Why ERBs Save the Day

Adding a review board to your experiment process takes a little extra time. But the benefits? Huge.

Here’s what an ERB helps you do:

  • Filter out bad ideas – Not every idea deserves data.
  • Focus on priorities – Run tests that actually support your business goals.
  • Avoid user fatigue – Don’t bombard customers with tiny, pointless changes.
  • Stay ethical – Some experiments cross lines they shouldn’t.
  • Learn faster – Fewer tests means more clarity on results.

Instead of being the team that runs 100 mediocre experiments, be the one that runs 10 truly brilliant ones.

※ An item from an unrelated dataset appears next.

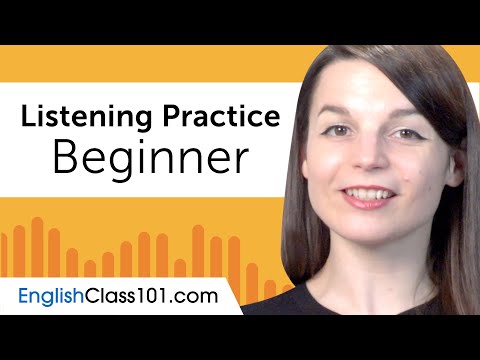 Beginner Listening Comprehension Practice for English Conversations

Signs You’re Stuck in the “Test Everything” Trap

  • You test button shades even when conversion hasn’t changed in months.
  • You have a long list of “inconclusive” test results.
  • Your customers are part of 5+ experiments at once.
  • Your team forgets why a test was even started.
  • You hear “let’s test it” more than “what’s the goal?”.

If this feels familiar, don’t worry. You’re not alone. Many teams fall into the trap of testing for testing’s sake.

But remember: not all ideas need validation through an A/B test. Some need strategy. Some need common sense.

What a Good ERB Process Looks Like

Ready to set up your own board? Here’s a simple, fun process.

  1. Gather a group — usually product managers, analysts, designers, maybe someone from ethics or legal.
  2. Set meeting times — weekly or biweekly reviews work well.
  3. Require an experiment brief — include hypotheses, success metrics, and potential risks.
  4. Score or vote — use a checklist or thumbs-up system to approve or delay tests.
  5. Document decisions — write down why something was approved or rejected.

It’s not about control. It’s about clarity. Everyone wins when we’re deliberate.

Make it Easy for Everyone

People hate extra work. So keep the ERB process light and friendly.

Use fun forms. Share results in Slack. Celebrate tests that had high impact (or dramatic fails with great lessons).

And most of all — train your team. Help them understand what makes a good experiment. The better they get, the fewer ideas end up on the cutting room floor.

Here’s a mini checklist your team can use before submitting a test idea:

  • Does this test tie to a real goal?
  • Is the sample size big enough?
  • If it fails or wins, do we know what to do next?
  • Can this test affect lots of users?
  • Would we be okay if users talked about this on Twitter?

Real-World Example: The Button That Broke Everything

Let’s say your growth team wants to test a new sign-up button style. Harmless, right?

But they forget to review the test. It goes live on the checkout page… but has a bug. The new button breaks for 20% of mobile users. Cart abandonment shoots up. Revenue drops.

Why? No one caught it during review. It was “just a button” — until it caused a crash.

If an ERB had seen that test beforehand, someone might have asked, “Has this been QA’d?” or “Can we soft launch to a tiny user group first?”

Disaster avoided.

From Chaos to Clarity

Let’s be honest — testing without a plan feels productive. You get to say, “We’re data-driven!”

But in reality? It often leads to confusion. Mixed signals. Team burnout.

With an Experiment Review Board, you flip the script. You make testing meaningful. Strategic. Focused. You learn faster while keeping users happy and your product stable.

Final Tips for a Great ERB

  • Keep it small – 4 to 6 people is ideal.
  • Set ground rules – Know what gets auto-approved vs. needs full review.
  • Rotate roles – Share the responsibility and avoid bottlenecks.
  • Review results too – Celebrate what worked. Learn from what didn’t.
  • Keep leveling up – Tweak your process as your team grows.

The Big Picture

Being curious is great. But being deliberate is powerful.

Don’t fall for the “test everything” mindset just because it sounds smart or scientific. Be bold. Be thoughtful. Put guardrails around experiments so they actually help you grow.

Build an ERB — and go make magic with your data.